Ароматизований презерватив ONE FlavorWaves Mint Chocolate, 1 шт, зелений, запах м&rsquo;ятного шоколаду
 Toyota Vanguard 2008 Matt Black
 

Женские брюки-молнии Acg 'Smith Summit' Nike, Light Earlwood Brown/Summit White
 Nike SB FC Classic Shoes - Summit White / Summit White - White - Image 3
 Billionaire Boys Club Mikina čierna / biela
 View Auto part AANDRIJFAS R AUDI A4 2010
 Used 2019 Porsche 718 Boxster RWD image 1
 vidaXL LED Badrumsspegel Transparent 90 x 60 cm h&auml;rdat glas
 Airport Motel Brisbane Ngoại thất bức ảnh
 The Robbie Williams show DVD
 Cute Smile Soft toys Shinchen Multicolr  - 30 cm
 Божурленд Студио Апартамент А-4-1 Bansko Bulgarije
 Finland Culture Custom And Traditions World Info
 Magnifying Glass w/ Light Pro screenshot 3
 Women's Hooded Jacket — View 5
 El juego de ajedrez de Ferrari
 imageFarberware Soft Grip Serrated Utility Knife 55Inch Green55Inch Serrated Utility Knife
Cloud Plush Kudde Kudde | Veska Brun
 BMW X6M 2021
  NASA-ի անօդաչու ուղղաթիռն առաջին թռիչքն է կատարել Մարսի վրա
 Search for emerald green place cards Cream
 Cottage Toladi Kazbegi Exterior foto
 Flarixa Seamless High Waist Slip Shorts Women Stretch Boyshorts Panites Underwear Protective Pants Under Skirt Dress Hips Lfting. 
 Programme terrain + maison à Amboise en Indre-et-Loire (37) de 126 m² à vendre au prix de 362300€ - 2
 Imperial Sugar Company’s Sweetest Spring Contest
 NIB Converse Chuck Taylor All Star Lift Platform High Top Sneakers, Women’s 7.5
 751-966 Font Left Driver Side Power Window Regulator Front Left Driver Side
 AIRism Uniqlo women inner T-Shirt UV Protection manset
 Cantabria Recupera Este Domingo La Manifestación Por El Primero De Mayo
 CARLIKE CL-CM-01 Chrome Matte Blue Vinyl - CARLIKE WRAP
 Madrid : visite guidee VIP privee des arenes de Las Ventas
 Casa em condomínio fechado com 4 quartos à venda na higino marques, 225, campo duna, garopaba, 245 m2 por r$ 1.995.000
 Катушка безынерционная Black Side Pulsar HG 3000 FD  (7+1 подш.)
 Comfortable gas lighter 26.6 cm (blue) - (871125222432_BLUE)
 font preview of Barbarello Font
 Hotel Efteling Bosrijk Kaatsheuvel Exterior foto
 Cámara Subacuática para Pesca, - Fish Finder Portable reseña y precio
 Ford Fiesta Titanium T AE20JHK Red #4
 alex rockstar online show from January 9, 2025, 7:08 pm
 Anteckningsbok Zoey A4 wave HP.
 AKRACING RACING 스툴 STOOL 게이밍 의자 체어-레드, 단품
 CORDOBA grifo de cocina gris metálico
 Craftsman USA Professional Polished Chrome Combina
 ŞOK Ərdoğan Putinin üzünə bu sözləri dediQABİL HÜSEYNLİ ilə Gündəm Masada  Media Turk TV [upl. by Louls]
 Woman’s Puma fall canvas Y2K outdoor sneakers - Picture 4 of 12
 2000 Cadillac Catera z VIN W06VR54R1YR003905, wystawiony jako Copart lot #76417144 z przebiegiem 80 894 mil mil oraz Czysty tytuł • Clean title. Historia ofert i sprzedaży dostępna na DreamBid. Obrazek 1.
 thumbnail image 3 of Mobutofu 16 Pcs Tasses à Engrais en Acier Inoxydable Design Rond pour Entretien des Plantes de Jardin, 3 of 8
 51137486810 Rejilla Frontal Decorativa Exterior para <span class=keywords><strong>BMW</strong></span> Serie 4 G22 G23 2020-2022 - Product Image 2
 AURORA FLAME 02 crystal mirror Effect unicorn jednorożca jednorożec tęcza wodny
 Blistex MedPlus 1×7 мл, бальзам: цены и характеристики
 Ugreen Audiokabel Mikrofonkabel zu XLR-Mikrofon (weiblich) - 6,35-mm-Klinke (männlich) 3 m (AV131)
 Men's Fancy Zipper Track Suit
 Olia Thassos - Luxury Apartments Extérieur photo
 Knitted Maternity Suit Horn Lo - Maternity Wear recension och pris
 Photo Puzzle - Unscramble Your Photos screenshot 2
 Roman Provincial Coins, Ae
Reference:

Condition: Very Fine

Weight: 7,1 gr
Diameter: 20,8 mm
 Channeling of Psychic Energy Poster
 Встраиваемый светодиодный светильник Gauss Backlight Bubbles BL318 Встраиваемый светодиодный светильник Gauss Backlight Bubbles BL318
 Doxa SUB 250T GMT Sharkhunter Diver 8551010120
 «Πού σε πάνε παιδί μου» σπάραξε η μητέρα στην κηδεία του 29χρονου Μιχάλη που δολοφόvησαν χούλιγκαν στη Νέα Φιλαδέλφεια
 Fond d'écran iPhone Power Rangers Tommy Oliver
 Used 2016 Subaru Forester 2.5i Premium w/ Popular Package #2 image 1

_ _ _

• [What the task requires] In the listing above, the lines from the one containing "Божурленд Студио Апартамент" through the one containing "Катушка безынерционная Black" must be set down exactly, with no other lines.

• [Answer section]
 Божурленд Студио Апартамент А-4-1 Bansko Bulgarije
 Finland Culture Custom And Traditions World Info
 Magnifying Glass w/ Light Pro screenshot 3
 Women's Hooded Jacket — View 5
 El juego de ajedrez de Ferrari
 imageFarberware Soft Grip Serrated Utility Knife 55Inch Green55Inch Serrated Utility Knife
Cloud Plush Kudde Kudde | Veska Brun
 BMW X6M 2021
  NASA-ի անօդաչու ուղղաթիռն առաջին թռիչքն է կատարել Մարսի վրա
 Search for emerald green place cards Cream
 Cottage Toladi Kazbegi Exterior foto
 Flarixa Seamless High Waist Slip Shorts Women Stretch Boyshorts Panites Underwear Protective Pants Under Skirt Dress Hips Lfting. 
 Programme terrain + maison à Amboise en Indre-et-Loire (37) de 126 m² à vendre au prix de 362300€ - 2
 Imperial Sugar Company’s Sweetest Spring Contest
 NIB Converse Chuck Taylor All Star Lift Platform High Top Sneakers, Women’s 7.5
 751-966 Font Left Driver Side Power Window Regulator Front Left Driver Side
 AIRism Uniqlo women inner T-Shirt UV Protection manset
 Cantabria Recupera Este Domingo La Manifestación Por El Primero De Mayo
 CARLIKE CL-CM-01 Chrome Matte Blue Vinyl - CARLIKE WRAP
 Madrid : visite guidee VIP privee des arenes de Las Ventas
 Casa em condomínio fechado com 4 quartos à venda na higino marques, 225, campo duna, garopaba, 245 m2 por r$ 1.995.000
 Катушка безынерционная Black Side Pulsar HG 3000 FD  (7+1 подш.)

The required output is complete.